Tendo como base os apontamentos teóricos e instrumentais presentes no primeiro capítulo, as pesquisadoras destacam no capítulo que segue, Estado do Conhecimento: Repositórios de Publicações Científicas, a importância das bases de dados na operacionalização das pesquisas de levantamento de cunho bibliográfico, especialmente na captação de materiais que farão parte do corpus analítico. Há o destaque de algumas bases de dados já consolidadas pelas comunidades de pesquisa nacionais, como o Catálogo de Teses e Dissertações da CAPES (BTD/CAPES) e a Biblioteca Digital de Teses e Dissertações do Instituto Brasileiro de Informação em Ciência e Tecnologia (BDTD/IBICT) e internacionais como a Scientific Electronic Library Online (SciELO). Além de apresentarem as referidas bases, as autoras exibem uma espécie de tutorial operacional de manuseio destes repositórios de pesquisa, expondo alguns recursos bibliométricos e os fatores de impacto para a familiarização do leitor, na compreensão da complexidade dos processos de avaliação da qualidade da produção acadêmica.

No terceiro capítulo, A Metodologia do Estado do Conhecimento, nos é apresentado uma descrição direta das etapas metodológicas propostas pelas autoras, para isso esta seção é engendrada utilizando o exemplo da pesquisa junto a temática da inovação no cenário da Educação Superior. Elementos como a definição do objetivo do estudo, a escolha da base de dados utilizada, a construção do corpus analítico, a escolha dos termos/descritores que operam os gatilhos de busca nos repositórios e a manipulação dos filtros de procura são evidenciados, de forma a “auxilia[r] a manter o foco e evitar realizar esforços desnecessários e que não irão auxiliar a atingir o objetivo proposto” (p. 62).

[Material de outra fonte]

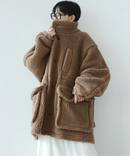 【WOOLRICH】 BOA JACKET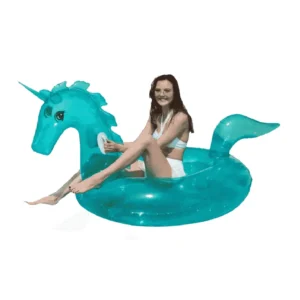 Giant Unicorn Float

Detalhadamente são apresentadas as etapas metodológicas deste processo, dentro da perspectiva de construção de uma bibliografia anotada, bibliografia sistematizada e bibliografia categorizada. Diferente de outras obras das autoras, aqui é possível observar um importante avanço teórico, pois as pesquisadoras incluem uma nova etapa constitutiva nesta abordagem, a bibliografia propositiva.

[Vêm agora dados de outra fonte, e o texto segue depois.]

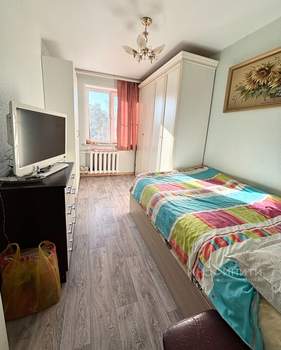 2-к квартира, вторичка, 44м2, 5/9 этаж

Finalizando a parte teórica da obra o quinto capítulo, A Escrita do Estado do Conhecimento, se propõem em auxiliar o leitor a escrever os resultados desenrolados de sua pesquisa, pelo ponto de vista dialógico, presente na relação autor-leitor, considerando adequações linguísticas, exercícios de abstração, formulação de analogias e os elementos de coerência e coesão necessários na redação científica. Um breve roteiro é apresentado ao final do capítulo revelando as dimensões de planejamento, da escrita e do processo de revisão e reescrita. As autoras aliam a este capítulo instrumental de redação do processo metodológico dos EC, algumas perspectivas analíticas do campo das análises qualitativas, com foco na Análise de Conteúdo de Lawrence Bardin, vislumbrando da mesma forma possibilidades de uso com a Análise de Discurso de Michel Pêcheux e da Análise Textual Discursiva de Roque Moraes e Maria do Carmo Galiazzi.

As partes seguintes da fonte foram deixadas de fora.